This application brief describes the techniques used to build and calibrate/compensate new-generation all-silicon delay lines. Both EconOscillators and delay lines use a compensated voltage-controlled delay line (VCDL) scheme to generate the necessary timing delays need to build both delay lines and precision all-silicon oscillators. This application brief provides a detailed overview of the architecture used in these devices. Devices using this architecture include the DS1100, DS1135, DS1110, DS1077, DS1085, and DS1086.

How Do Dallas Semiconductor Delay Lines Work?
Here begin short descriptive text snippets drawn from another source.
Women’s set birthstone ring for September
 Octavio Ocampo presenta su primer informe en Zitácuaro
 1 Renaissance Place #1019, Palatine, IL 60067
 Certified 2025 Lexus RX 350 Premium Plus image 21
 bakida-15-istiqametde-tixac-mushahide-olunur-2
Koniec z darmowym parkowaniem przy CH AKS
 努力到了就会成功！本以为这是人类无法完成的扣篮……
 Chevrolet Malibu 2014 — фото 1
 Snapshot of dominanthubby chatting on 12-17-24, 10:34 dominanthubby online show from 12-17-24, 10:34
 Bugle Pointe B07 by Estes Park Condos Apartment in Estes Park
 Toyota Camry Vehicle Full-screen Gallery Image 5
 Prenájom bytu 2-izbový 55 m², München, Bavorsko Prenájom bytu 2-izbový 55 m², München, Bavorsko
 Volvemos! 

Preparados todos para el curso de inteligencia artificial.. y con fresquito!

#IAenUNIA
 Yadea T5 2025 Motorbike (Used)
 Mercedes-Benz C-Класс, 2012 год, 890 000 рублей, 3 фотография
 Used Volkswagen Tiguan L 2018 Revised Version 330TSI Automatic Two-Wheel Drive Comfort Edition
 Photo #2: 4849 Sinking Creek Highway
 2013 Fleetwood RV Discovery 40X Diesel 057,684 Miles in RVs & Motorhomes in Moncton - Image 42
In the early eighties, Dallas Semiconductor was the first company to develop the all-silicon delay line. This provided a smaller, more cost-effective alternative to the modular delay lines used at the time.

Old Generation DS1000 Delay Line.
Old Generation DS1000 Delay Line.

The first Dallas delay lines consisted of a RC-based ramp generator and a comparator circuit that transitioned the delay line output when a certain voltage level of the ramp generator was reached. Calibration was performed at the factory at wafer level by using a laser to blow a series of fuses until the desired delay was achieved. There was no provision for temperature compensation.

Today, the current generation of lines is more sophisticated. Maxim/Dallas all-silicon delay lines contain a novel circuit consisting of a voltage-controlled delay line (VCDL) used in conjunction with a compensation circuit to reduce delay variations caused by changes in process, temperature, and voltage.

Building a silicon delay line is not very difficult. Any logic gate has a propagation delay and can be used as a delay line. The difficult part is building a delay line that can be set precisely to a specific delay period that remains consistent over variations in process, temperature, and voltage. Stabilizing these delay times requires a compensation scheme independent of these parameters.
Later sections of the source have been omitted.